Court Rules Against Beverly Hills in Housing Element Case

A Los Angeles County Superior Court judge ruled this week that Beverly Hills has failed in its legal responsibility to meet the state’s ambitious housing goals. The ruling comes in a lawsuit filed by Californians for Homeownership (CFH), a nonprofit organization sponsored by the California Association of Realtors. CFH has filed over 20 housing element lawsuits in the past few years against cities and counties. Ten of those cases have  been settled, typically with agreements for specific timelines to revise or comply with housing element requirements and to comply with the so-called “builder’s remedy” in the interim.

In granting the petition for writ of mandate filed by CFH in Californians for Homeownership v. City of Beverly Hills, the court found that Beverly Hills had not complied with its legal duty to plan for housing under the regional housing needs allocation (RHNA) and housing element system.

“This is a milestone decision in state housing law,” said California Association of Realtors President Jennifer Branchini in a statement. “For far too long, cities and counties have used unrealistic and under- developed housing plans to skirt around state planning rules. This case proves that the Legislature’s recent improvements to housing element law go a long way toward solving this problem, so long as these new laws are vigorously enforced.”

Beverly Hills, like all other cities in California, is required to submit a housing element plan to the California Department of Housing & Community Development (HCD) outlining how it will create capacity for a state mandated number of new housing units by 2029.

The City Council adopted Beverly Hills’ housing element in October 2021, outlining the city’s ability to create capacity for 3,109 new units, including approximately 1,700 affordable units, per the state’s demands. HCD declined to certify both the city’s initial housing element and a second version adopted by council in February 2023, ordering both times that revisions be made to the plan including more details on suitable sites for housing development.

One of the key criticisms that the CFH’s writ petition levied against the city’s current housing element is its reliance on directing new housing development into commercial corridors and overestimating how many units can be built there. The nonprofit alleged that this is an unrealistic strategy for generating enough housing units to meet the city’s RNHA numbers.

“These are exactly the sorts of maneuvers that the recent changes to housing element law were designed to address,” said CFH attorney Matthew Gelfand. “When cities include inappropriate sites and overcount the potential housing on those sites, it undermines the RHNA system and is deeply unfair to those cities that have put in the work and developed realistic housing plans.”

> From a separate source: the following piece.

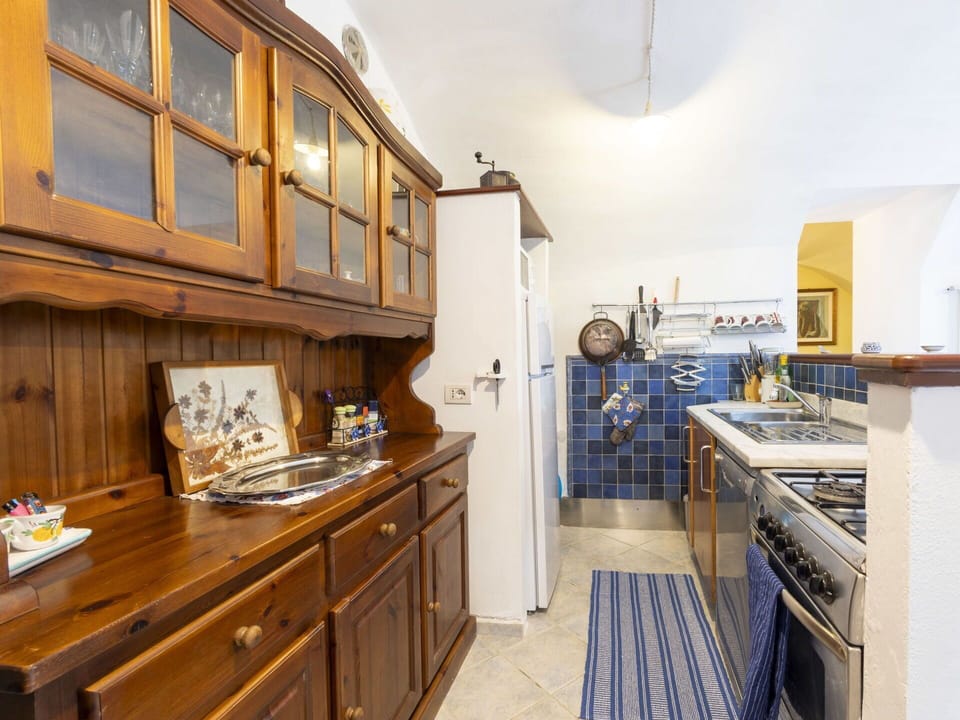 Cabinetry, Furniture, Property, Countertop, Building, Wood, Drawer, Kitchen Appliance, Kitchen, Interior Design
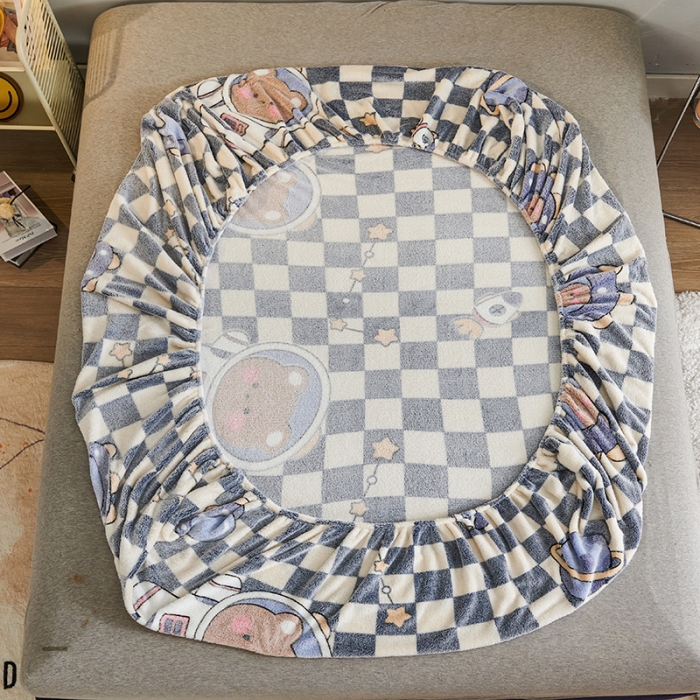 91家纺网 家纺一手货源 找家纺 被多多 2022新款3D立体高克重雪花绒印花床笠 太空漫游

In a statement to the Courier in response to the writ, City Attorney Laurence Wiener said that the city intends to appeal the decision and is already working closely with the state to meet its housing requirements.

“The city has established a mixed-use zone in order to direct new development away from multi-family areas to preserve rent-stabilized units and avoid displacing tenants,” Wiener added.

CFH noted that it expects a final judgment in its lawsuit will require the city to revise its housing element on an expedited basis. Additionally, it believes that this week’s ruling will “provide needed clarity about the applicability of the builder’s remedy provisions to housing developments in the city.”

As the Courier has previously reported, builder’s remedy provisions in state law enable developers to sidestep local zoning regulations as long as the local jurisdiction is out of compliance with its housing element obligations. The provisions apply to proposed projects containing at least 20% affordable units.

This builder’s remedy issue is quickly becoming a prominent one in Beverly Hills. Developer Leo Pustilnikov has proposed several builder’s remedy projects in the city, including a proposed nineteen-story residential and hotel complex on South Linden Drive. Pustilnikov and his lawyer Dave Rand have previously expressed the view that because the city’s housing element has not received HCD certification, the city must accept builder’s remedy project applications.

“The city’s position that the builder’s remedy somehow doesn’t apply to Beverly Hills or somehow doesn’t allow us to obtain relief from zoning restrictions is not supported by the state law,” said Rand.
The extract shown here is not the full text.